Overall, RMD-associated analgesic prescribing showed a general decline from early 2020, with an upturn from April 2020 for all analgesic categories, though this did not return to pre-pandemic levels. The proportion of RMD-associated consultations in which an analgesic was prescribed increased in March 2020, with notable upsurges in all analgesic groups, particularly strong analgesics. Furthermore, increases in prescribing were again seen during the second UK lockdown in moderate and strong opioids and neuropathic medications.

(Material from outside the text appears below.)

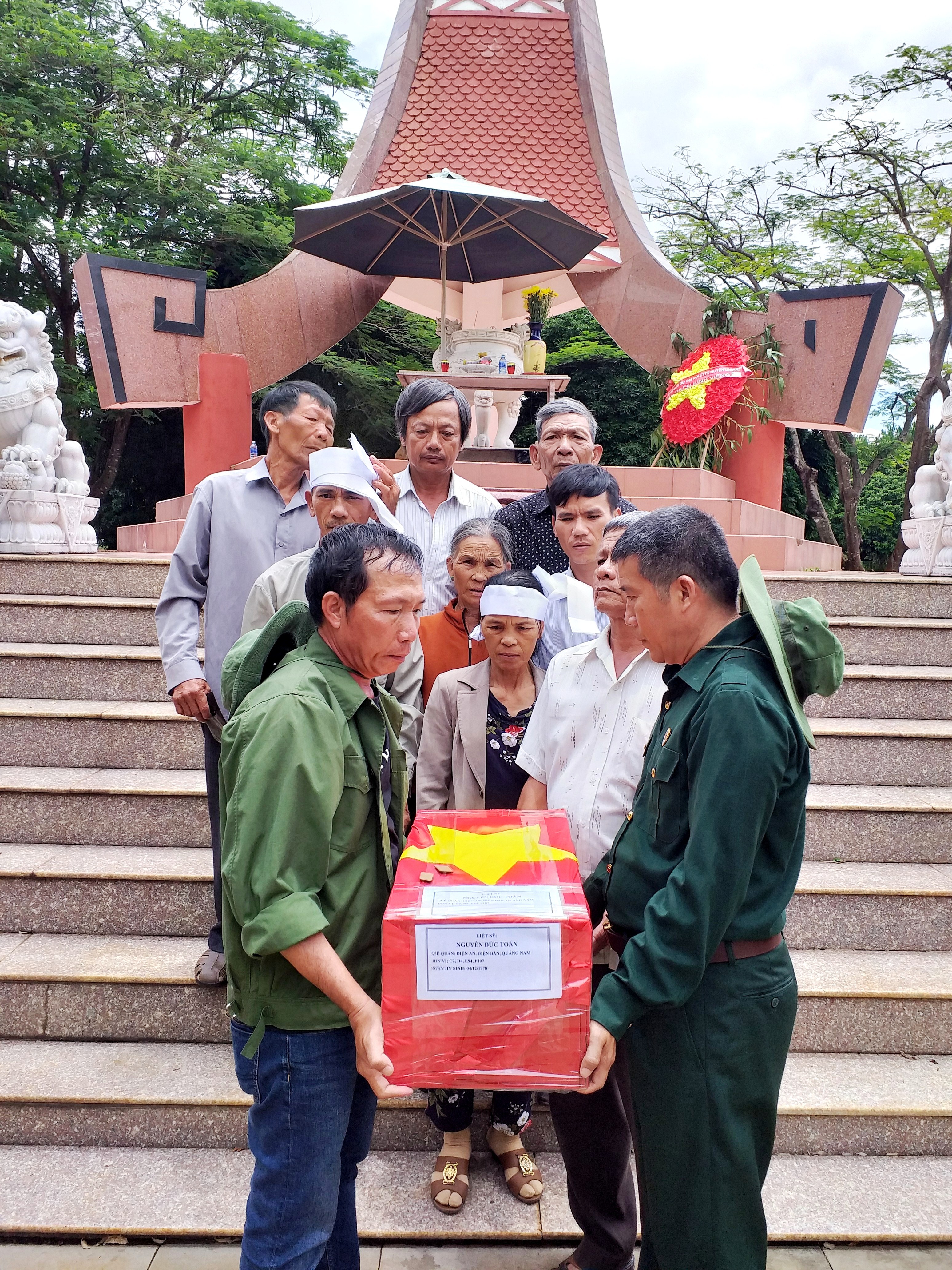 Đưa liệt sĩ quân tình nguyện hy sinh 41 năm về với quê nhà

These findings support previous research that has linked deprivation to opioid prescribing. The researchers suggest that these increases in prescribing as a proportion of RMD consultations may be due to the lack of available non-pharmacological management options during the lockdown periods. Furthermore, it may be that only patients with severe RMD symptoms presented to primary care prompting a higher proportion of consultations to result in the prescribing of more, and stronger, analgesia.
It may also be possible that the observed increase in psychological distress through the pandemic period resulted in heightened pain experiences and the corresponding increases in analgesic prescribing as a proportion of RMD consultations. It will be important to observe how consultation rates and analgesia prescribing continue to evolve as in-person consultation rates continue to increase following the peak of the COVID-19 pandemic. Moreover, it will be important to assess the trajectory of the conditions of those presenting with RMDs during the COVID-19 pandemic to assess whether there is a reduction in analgesia prescribing with improved access to physical and psychological therapies.